[[ Input data open ]]

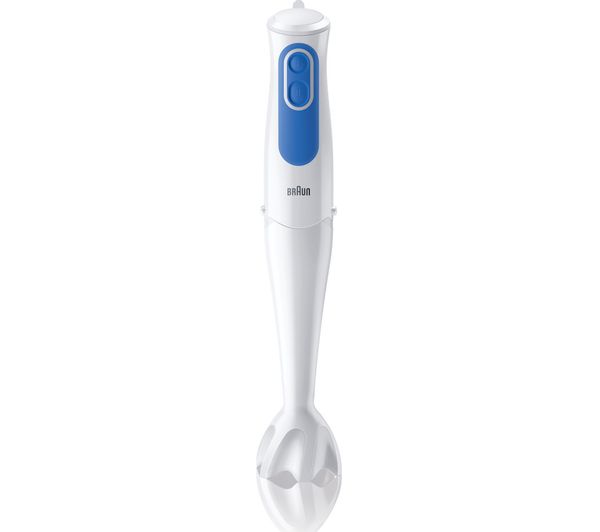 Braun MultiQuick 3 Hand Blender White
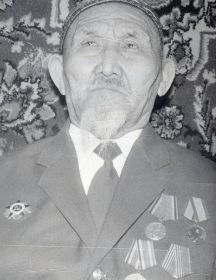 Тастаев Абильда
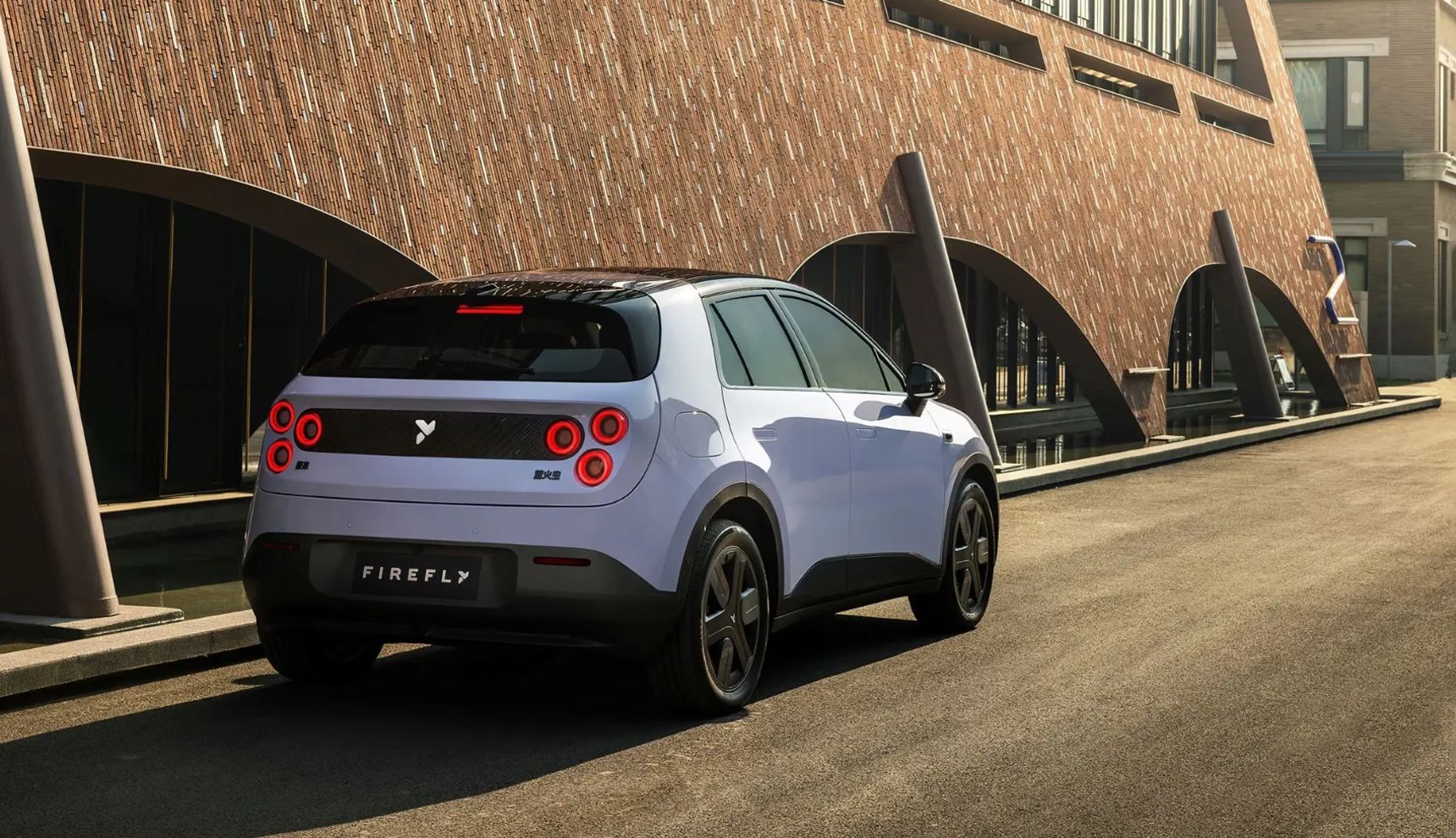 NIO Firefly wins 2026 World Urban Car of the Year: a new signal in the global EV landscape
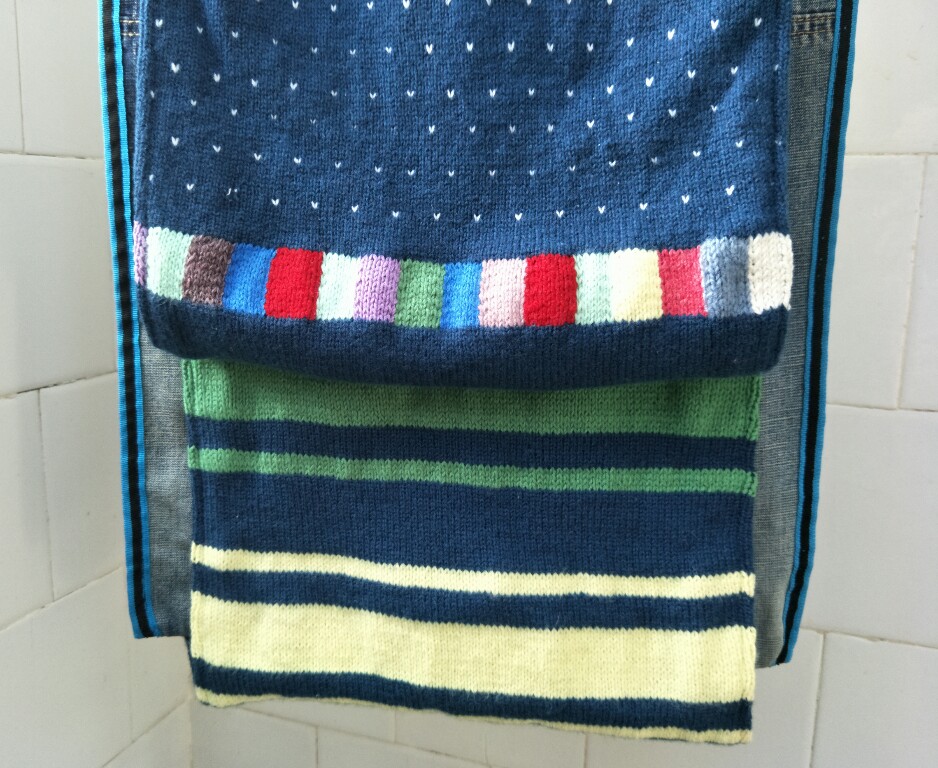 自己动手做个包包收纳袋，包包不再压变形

[[ Input data closed ]]

Reproduce the material word for word, minus the images.

 Braun MultiQuick 3 Hand Blender White
 Тастаев Абильда
 NIO Firefly wins 2026 World Urban Car of the Year: a new signal in the global EV landscape
 自己动手做个包包收纳袋，包包不再压变形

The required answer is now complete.